Bon allez, un petit argumentaire sérieux sur les médocs.
D'abord, un patient n'est pas l'autre, on réagit tous différemment aux médicaments. Exemple con: y a des gens qui font des allergies aux pénicillines. Ceux-là sont bien contents d'avoir une alternative viable aux pénicillines pour traiter leur infection. Et c'est comme ça pour quasi tous les autres médocs: untel aura un effet indésirable, un autre ne tolérera pas la molécule. On fait quoi alors si on a viré tous les médicaments dit "inutiles" parce qu'ils se ressemblent trop, on prive les patients de traitement? Non, on le change par un autre médoc équivalent. Rien que ça c'est une bonne raison pour qu'il existe plusieurs médicaments pour traiter une seule maladie.
L'autre bonne raison c'est qu'il y a souvent plusieurs approches différentes pour traiter certaines maladies, comme l'asthme. Il faut tout explorer, ne rien négliger.
La troisième bonne raison c'est que la concurrence sur le marché poussera les firmes pharmaceutiques à développer des médicaments toujours plus efficaces, au lieu de se reposer sur ses lauriers et simplement attendre que le fric rentre. Faut pas croire qu'une firme se contente d'encaisser le pognon hein, elle le réinvestit aussitôt en recherche et développement.
Bon ensuite, il y a le facteur humain. Monsieur est un médecin, il devrait regarder ce que ses copains prescrivent. Est-ce vraiment de la faute des firmes pharmaceutiques si les docteurs se mettent à prescrire nawak? Mine de rien, les prescriptions de mauvais traitements ça fait aussi perdre du fric aux mutuelles. Bien entendu c'est plus facile d'accuser les autres que de se remettre en question.

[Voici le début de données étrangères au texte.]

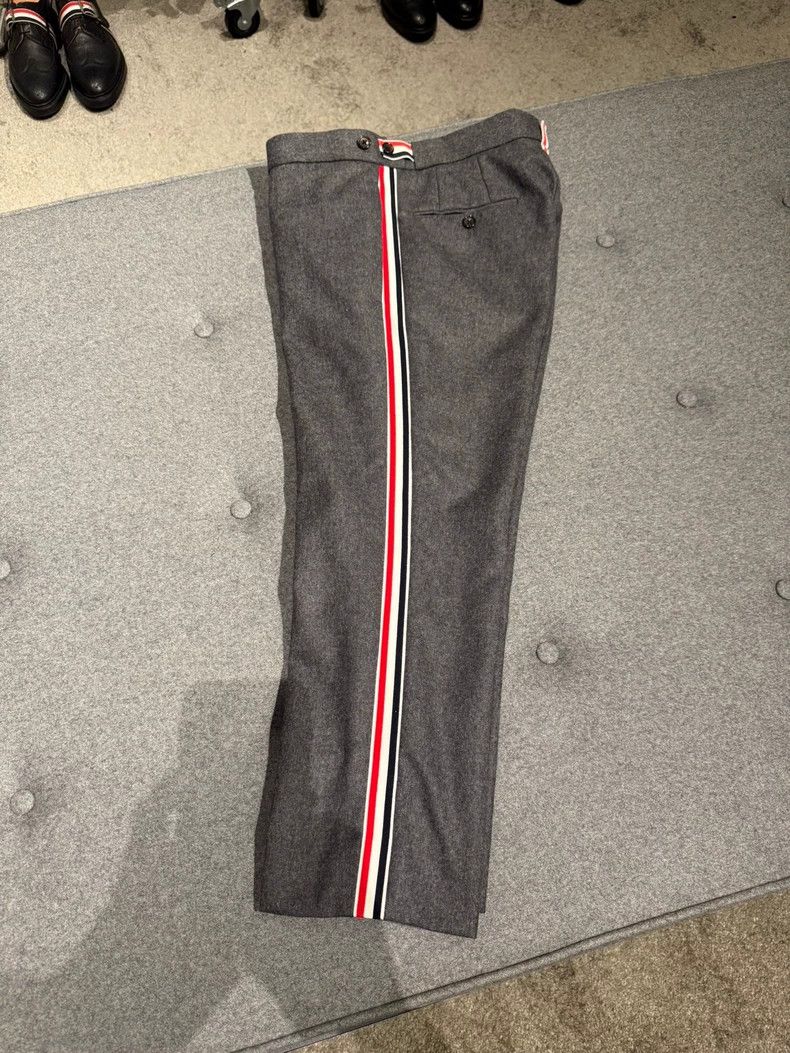 Thom Browne Thom Browne Size 0 Rare side three-color standard trouser Size US 33 - 3 Thumbnail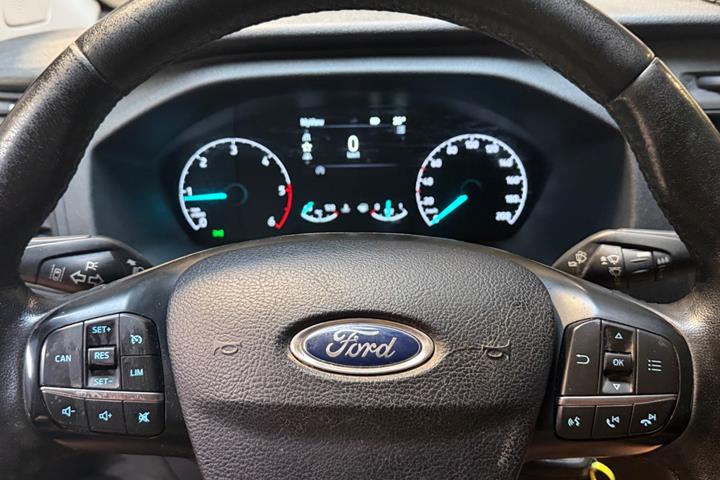 Grå Ford Transit Custom 280 L1 fra 2018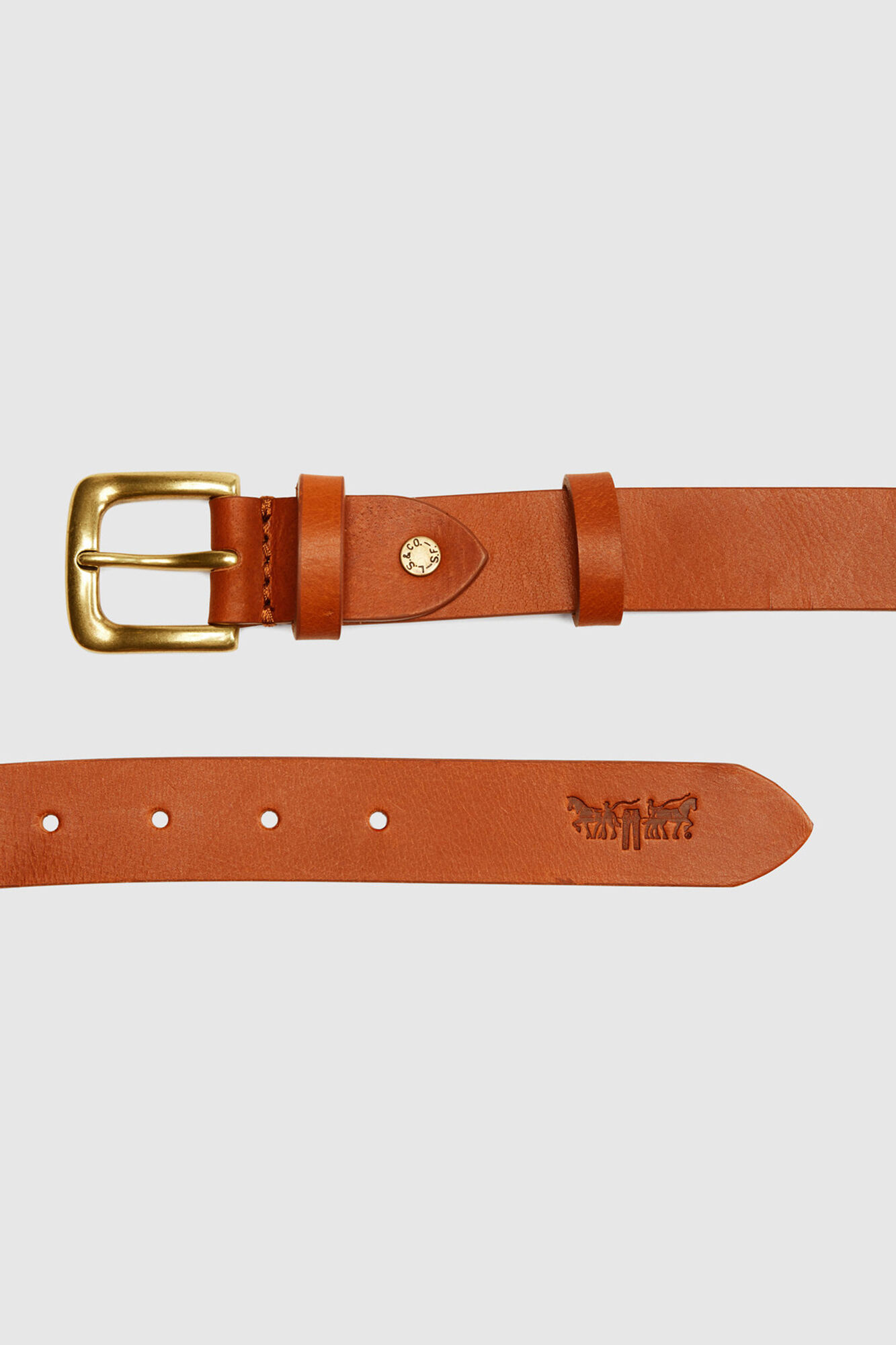 Levi's Cinto Levis&reg; Castanho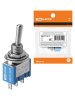 Tdm SQ0747-0270 Переключатель-тумблер MTS-102 Micro 1P 250В AC/DC 3А (3c) ON-ON
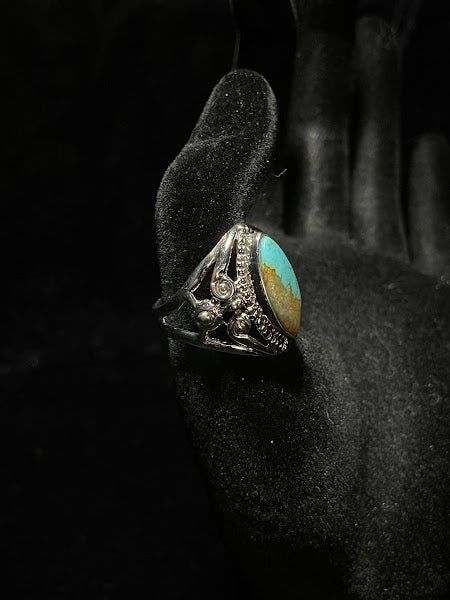 Handcrafted Real Turquoise Rings | Southwest Style Jewelry - Regul Silver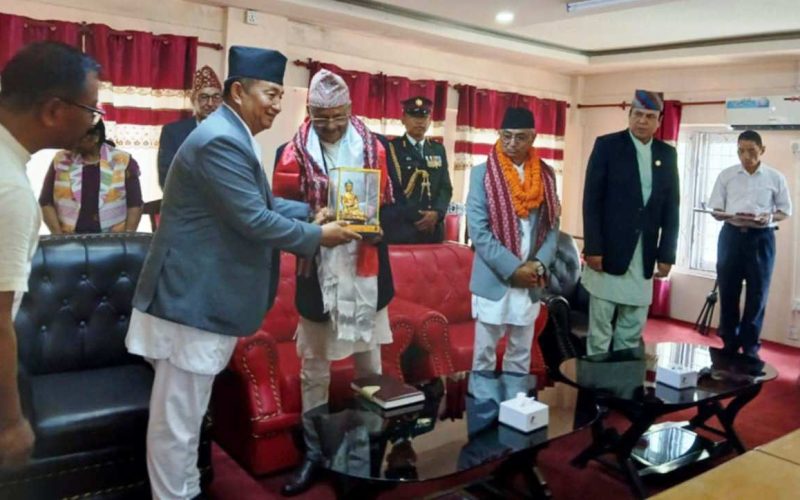 नव नियुक्त प्रदेश प्रमुखलाई शर्माको स्वागत, यस्ता छन् निवर्तमान प्रमुखको उपलब्धि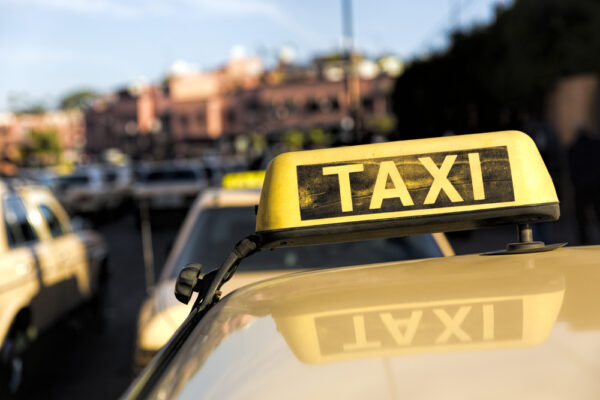 Taxi au Maroc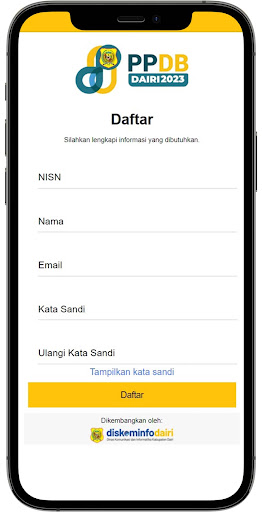 PPDB Dairi Screen 2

50% de médicaments inutiles
Pas pour tous. Voir plus haut.
20% de mal tolérés
Pas pour tous. Voir plus haut.
5% de +potentiellement très dangereux+
Ben évidemment qu'un médicament est très dangereux! C'te blague. AUCUN médicament n'est 100% sans risque. Même pas l'aspirine. Hé ouais.
Les médocs c'est TOUJOURS une affaire de balance risque/bénéfice. Si j'estime que mon patient a moins de risque de mourir en prenant le médicament qu'en ne le prenant pas, il faut le lui fournir. Et vice-versa.
L'amputation tiens, c'est une opération potentiellement très dangereuse. Doit-on l'interdire? J'ai un patient avec le pied à moitié arraché et une bonne grosse gangrène qui monte. Mais l'amputer c'est trop dangereux, alors on va le laisser comme ça.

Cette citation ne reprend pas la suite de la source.